Slip and Fall Injury
Slip and Fall accidents can happen anywhere and for a variety of reasons. Wet or slippery surfaces, uneven flooring, or hazards and debris can all lead to a trip or a slip that results in a significant injury. If you have been in a slip and fall accident, you might be suffering from blunt trauma, ligament tears, a broken hip, a neck injury, or a concussion, all of which are common following a fall. Many people experience feelings of embarrassment and shame following a slip and fall accident, assuming that their own clumsiness is responsible for their injury.
While people are expected to exercise reasonable caution when it comes to hazards that are highly visible and easy to avoid, there is a strong chance that your slip and fall injury was caused by someone’s failure to keep your walking path safe and clean. If this is the case with your accident, then there is no need for you to bear the personal or financial burden of the medical treatment and missed work surrounding your fall.
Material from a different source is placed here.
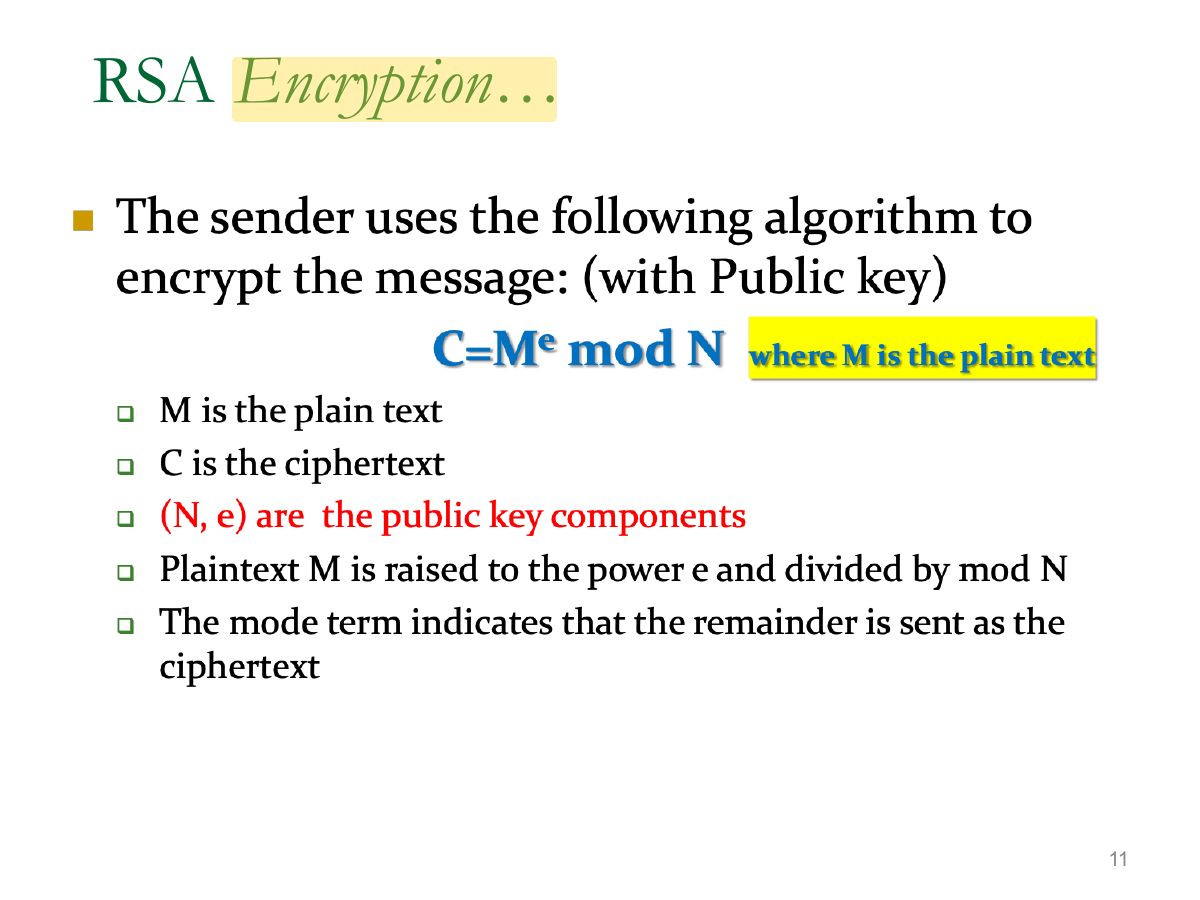 Slide 11: RSA Encryption...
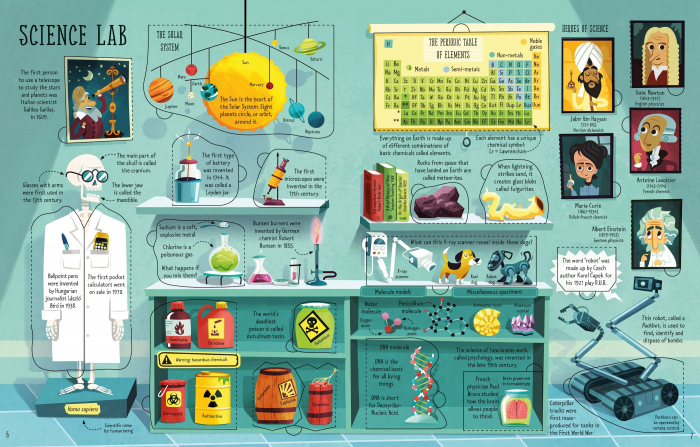 9781409563990 Usborne Lift-the-Flap General Knowledge [3]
Determining Liability in a Slip and Fall Accident:
The law here can be quite murky. What is considered to be “reasonable” caution on the part of the slip and fall victim is often up for debate, as is what could be considered “reasonable” on the part of the property owner or that owner’s employee. In order for the property owner to be considered liable for a slip and fall accident, one of the following criteria must be met:
The property owner or employee must have caused the condition that led to the victim’s fall. I.E., the property owner caused a spill that resulted in dangerous, slippery conditions.
The property owner or employee knew of a dangerous situation and did nothing to rectify it.
The property owner or employee should have discovered the dangerous condition because a “reasonable” person would have discovered the hazard and made moves to rectify it. This situation requires the property owner or their employees to conduct regular safety checks.
If you are involved in a slip and fall accident, do your best to take a photo of the environment and hazards at the time of your fall. Property owners can easily clear hazards by the time a lawsuit is filed, which can make dangerous conditions difficult to prove.